*Activity*. An exact reproduction of all the entries below is required.

(Stored records)
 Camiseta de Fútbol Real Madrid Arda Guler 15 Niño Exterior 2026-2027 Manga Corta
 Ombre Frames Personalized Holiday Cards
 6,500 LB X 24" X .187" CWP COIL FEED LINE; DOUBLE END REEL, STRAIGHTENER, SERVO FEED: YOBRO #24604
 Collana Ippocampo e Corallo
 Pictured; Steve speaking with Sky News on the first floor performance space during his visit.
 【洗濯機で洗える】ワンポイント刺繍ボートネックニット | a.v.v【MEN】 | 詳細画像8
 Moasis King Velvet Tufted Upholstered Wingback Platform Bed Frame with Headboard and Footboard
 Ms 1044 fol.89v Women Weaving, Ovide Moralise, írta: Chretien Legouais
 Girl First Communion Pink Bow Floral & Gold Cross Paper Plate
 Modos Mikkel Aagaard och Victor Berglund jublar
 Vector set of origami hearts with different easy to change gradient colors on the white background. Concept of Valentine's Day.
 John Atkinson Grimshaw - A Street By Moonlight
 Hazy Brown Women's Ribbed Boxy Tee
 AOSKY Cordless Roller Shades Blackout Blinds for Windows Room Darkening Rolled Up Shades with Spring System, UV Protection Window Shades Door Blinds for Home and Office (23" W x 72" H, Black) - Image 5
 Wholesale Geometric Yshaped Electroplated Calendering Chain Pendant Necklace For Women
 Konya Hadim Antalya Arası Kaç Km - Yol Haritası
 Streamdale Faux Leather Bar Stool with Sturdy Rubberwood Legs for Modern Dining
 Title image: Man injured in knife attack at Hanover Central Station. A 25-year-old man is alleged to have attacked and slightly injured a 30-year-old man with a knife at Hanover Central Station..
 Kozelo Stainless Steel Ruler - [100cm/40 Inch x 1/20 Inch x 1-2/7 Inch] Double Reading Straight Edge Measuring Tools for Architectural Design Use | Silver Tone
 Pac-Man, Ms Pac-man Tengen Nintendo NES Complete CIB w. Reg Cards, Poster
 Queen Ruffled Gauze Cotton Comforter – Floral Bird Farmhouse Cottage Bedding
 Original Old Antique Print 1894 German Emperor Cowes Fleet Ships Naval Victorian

*Task solution*.
 Camiseta de Fútbol Real Madrid Arda Guler 15 Niño Exterior 2026-2027 Manga Corta
 Ombre Frames Personalized Holiday Cards
 6,500 LB X 24" X .187" CWP COIL FEED LINE; DOUBLE END REEL, STRAIGHTENER, SERVO FEED: YOBRO #24604
 Collana Ippocampo e Corallo
 Pictured; Steve speaking with Sky News on the first floor performance space during his visit.
 【洗濯機で洗える】ワンポイント刺繍ボートネックニット | a.v.v【MEN】 | 詳細画像8
 Moasis King Velvet Tufted Upholstered Wingback Platform Bed Frame with Headboard and Footboard
 Ms 1044 fol.89v Women Weaving, Ovide Moralise, írta: Chretien Legouais
 Girl First Communion Pink Bow Floral & Gold Cross Paper Plate
 Modos Mikkel Aagaard och Victor Berglund jublar
 Vector set of origami hearts with different easy to change gradient colors on the white background. Concept of Valentine's Day.
 John Atkinson Grimshaw - A Street By Moonlight
 Hazy Brown Women's Ribbed Boxy Tee
 AOSKY Cordless Roller Shades Blackout Blinds for Windows Room Darkening Rolled Up Shades with Spring System, UV Protection Window Shades Door Blinds for Home and Office (23" W x 72" H, Black) - Image 5
 Wholesale Geometric Yshaped Electroplated Calendering Chain Pendant Necklace For Women
 Konya Hadim Antalya Arası Kaç Km - Yol Haritası
 Streamdale Faux Leather Bar Stool with Sturdy Rubberwood Legs for Modern Dining
 Title image: Man injured in knife attack at Hanover Central Station. A 25-year-old man is alleged to have attacked and slightly injured a 30-year-old man with a knife at Hanover Central Station..
 Kozelo Stainless Steel Ruler - [100cm/40 Inch x 1/20 Inch x 1-2/7 Inch] Double Reading Straight Edge Measuring Tools for Architectural Design Use | Silver Tone
 Pac-Man, Ms Pac-man Tengen Nintendo NES Complete CIB w. Reg Cards, Poster
 Queen Ruffled Gauze Cotton Comforter – Floral Bird Farmhouse Cottage Bedding
 Original Old Antique Print 1894 German Emperor Cowes Fleet Ships Naval Victorian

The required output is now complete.